• _EXERCISE OBJECTIVE_
Repeat the entries below exactly. Begin with the first line and end with the line that contains "King Essentials The".

• _GIVEN DATA_
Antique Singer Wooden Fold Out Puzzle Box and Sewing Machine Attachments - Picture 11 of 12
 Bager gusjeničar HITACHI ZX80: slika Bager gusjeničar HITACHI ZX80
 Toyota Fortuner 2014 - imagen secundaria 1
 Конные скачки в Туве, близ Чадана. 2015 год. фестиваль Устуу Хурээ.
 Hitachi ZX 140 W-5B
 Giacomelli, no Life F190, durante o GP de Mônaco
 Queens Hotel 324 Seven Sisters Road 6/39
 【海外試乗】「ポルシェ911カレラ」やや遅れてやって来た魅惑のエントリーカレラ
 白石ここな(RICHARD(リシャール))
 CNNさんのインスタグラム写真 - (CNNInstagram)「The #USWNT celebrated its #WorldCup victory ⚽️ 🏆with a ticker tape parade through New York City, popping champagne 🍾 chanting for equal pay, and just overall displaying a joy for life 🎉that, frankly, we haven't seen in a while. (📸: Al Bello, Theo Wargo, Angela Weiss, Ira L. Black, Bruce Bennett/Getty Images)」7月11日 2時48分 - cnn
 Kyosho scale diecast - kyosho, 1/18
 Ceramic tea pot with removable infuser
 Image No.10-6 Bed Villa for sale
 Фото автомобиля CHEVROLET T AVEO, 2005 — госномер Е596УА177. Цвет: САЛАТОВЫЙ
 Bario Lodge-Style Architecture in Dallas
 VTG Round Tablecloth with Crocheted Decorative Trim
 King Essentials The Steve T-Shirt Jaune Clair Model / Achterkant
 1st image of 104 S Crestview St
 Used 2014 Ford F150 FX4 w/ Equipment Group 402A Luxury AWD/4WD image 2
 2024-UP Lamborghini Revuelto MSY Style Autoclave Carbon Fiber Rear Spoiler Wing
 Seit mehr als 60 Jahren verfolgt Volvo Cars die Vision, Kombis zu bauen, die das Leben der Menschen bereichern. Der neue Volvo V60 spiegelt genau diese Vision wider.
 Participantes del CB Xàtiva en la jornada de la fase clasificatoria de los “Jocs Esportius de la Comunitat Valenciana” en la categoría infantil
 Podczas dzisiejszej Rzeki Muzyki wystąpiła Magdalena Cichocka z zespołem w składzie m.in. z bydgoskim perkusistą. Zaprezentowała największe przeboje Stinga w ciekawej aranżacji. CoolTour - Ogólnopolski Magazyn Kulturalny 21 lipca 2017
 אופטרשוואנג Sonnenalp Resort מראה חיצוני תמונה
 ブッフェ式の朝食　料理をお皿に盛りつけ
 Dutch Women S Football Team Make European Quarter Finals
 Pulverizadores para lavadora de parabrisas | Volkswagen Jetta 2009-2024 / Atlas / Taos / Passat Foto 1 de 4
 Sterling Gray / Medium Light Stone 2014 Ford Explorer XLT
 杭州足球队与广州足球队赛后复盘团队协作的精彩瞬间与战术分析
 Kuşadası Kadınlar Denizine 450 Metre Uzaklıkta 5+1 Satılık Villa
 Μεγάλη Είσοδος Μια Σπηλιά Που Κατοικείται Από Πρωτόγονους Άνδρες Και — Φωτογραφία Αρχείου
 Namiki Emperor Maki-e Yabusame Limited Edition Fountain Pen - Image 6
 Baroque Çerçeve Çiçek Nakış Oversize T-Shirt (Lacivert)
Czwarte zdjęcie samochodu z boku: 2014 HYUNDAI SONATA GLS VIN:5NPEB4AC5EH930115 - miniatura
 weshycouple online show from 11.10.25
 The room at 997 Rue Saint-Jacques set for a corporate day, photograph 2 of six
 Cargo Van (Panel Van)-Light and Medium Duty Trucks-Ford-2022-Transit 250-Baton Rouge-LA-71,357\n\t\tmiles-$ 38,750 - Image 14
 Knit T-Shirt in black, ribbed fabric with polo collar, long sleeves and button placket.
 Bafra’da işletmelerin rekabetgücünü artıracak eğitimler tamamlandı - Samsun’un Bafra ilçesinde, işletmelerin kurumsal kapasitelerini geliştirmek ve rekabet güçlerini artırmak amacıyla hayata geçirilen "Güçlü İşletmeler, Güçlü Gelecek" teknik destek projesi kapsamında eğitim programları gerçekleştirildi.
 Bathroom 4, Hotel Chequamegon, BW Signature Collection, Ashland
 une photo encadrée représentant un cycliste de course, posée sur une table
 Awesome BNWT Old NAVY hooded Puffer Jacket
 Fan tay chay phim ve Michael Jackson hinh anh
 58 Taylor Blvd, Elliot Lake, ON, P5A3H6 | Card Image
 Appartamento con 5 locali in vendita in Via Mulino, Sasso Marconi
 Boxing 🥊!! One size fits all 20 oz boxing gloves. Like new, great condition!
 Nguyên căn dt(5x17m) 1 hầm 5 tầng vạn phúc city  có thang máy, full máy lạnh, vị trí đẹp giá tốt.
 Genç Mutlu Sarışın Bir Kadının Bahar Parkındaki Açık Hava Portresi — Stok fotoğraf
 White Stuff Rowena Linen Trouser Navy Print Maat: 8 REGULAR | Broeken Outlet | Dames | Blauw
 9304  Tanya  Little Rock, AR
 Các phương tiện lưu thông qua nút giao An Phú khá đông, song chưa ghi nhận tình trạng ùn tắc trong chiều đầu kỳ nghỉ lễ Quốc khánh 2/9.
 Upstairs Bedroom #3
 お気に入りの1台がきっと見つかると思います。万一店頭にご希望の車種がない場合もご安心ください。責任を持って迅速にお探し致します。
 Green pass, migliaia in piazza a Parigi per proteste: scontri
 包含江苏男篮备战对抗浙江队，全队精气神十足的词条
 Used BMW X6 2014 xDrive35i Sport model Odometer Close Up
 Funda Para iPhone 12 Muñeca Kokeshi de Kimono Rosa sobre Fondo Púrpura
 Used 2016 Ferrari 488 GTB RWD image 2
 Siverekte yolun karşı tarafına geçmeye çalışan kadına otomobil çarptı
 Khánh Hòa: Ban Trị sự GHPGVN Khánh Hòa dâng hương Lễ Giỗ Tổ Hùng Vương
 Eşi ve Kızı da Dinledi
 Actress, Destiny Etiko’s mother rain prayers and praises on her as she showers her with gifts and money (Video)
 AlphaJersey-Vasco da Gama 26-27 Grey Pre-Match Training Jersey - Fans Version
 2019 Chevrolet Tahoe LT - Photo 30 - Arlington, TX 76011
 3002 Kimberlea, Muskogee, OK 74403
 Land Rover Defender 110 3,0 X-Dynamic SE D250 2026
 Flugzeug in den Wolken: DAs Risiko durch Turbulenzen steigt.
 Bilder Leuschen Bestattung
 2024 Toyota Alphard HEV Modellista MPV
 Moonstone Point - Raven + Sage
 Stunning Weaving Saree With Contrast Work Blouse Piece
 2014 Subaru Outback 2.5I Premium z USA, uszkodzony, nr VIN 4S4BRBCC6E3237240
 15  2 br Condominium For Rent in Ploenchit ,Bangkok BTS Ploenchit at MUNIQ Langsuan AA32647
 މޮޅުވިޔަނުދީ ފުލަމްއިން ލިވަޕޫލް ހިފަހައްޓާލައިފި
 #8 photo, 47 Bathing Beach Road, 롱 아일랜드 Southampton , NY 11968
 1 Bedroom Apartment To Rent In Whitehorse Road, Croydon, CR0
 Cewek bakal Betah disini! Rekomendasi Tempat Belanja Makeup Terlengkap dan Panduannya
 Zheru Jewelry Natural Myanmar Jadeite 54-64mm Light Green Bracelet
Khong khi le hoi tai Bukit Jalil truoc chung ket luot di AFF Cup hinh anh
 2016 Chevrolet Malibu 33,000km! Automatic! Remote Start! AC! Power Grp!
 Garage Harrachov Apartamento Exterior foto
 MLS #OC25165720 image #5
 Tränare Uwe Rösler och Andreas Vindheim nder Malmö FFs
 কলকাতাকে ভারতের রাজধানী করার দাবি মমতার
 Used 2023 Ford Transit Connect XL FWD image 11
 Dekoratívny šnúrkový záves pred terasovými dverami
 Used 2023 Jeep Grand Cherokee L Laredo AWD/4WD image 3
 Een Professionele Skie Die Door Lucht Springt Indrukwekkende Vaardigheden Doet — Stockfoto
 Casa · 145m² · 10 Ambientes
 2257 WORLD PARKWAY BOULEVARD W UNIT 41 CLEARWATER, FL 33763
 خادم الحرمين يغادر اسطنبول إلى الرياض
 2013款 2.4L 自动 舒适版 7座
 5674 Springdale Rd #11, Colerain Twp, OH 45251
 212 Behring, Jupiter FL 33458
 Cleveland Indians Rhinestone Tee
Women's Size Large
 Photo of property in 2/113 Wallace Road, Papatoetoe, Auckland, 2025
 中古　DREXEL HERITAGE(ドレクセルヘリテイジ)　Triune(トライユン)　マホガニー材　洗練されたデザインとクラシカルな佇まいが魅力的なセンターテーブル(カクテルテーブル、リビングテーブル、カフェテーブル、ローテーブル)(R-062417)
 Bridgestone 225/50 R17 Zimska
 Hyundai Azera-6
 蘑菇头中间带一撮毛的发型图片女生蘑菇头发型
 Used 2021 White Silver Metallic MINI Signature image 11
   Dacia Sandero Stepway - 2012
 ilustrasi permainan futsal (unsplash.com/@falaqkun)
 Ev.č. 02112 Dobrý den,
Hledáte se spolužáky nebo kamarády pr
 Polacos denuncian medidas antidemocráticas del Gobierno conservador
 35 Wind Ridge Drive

• _EXERCISE OUTPUT_
Antique Singer Wooden Fold Out Puzzle Box and Sewing Machine Attachments - Picture 11 of 12
 Bager gusjeničar HITACHI ZX80: slika Bager gusjeničar HITACHI ZX80
 Toyota Fortuner 2014 - imagen secundaria 1
 Конные скачки в Туве, близ Чадана. 2015 год. фестиваль Устуу Хурээ.
 Hitachi ZX 140 W-5B
 Giacomelli, no Life F190, durante o GP de Mônaco
 Queens Hotel 324 Seven Sisters Road 6/39
 【海外試乗】「ポルシェ911カレラ」やや遅れてやって来た魅惑のエントリーカレラ
 白石ここな(RICHARD(リシャール))
 CNNさんのインスタグラム写真 - (CNNInstagram)「The #USWNT celebrated its #WorldCup victory ⚽️ 🏆with a ticker tape parade through New York City, popping champagne 🍾 chanting for equal pay, and just overall displaying a joy for life 🎉that, frankly, we haven't seen in a while. (📸: Al Bello, Theo Wargo, Angela Weiss, Ira L. Black, Bruce Bennett/Getty Images)」7月11日 2時48分 - cnn
 Kyosho scale diecast - kyosho, 1/18
 Ceramic tea pot with removable infuser
 Image No.10-6 Bed Villa for sale
 Фото автомобиля CHEVROLET T AVEO, 2005 — госномер Е596УА177. Цвет: САЛАТОВЫЙ
 Bario Lodge-Style Architecture in Dallas
 VTG Round Tablecloth with Crocheted Decorative Trim
 King Essentials The Steve T-Shirt Jaune Clair Model / Achterkant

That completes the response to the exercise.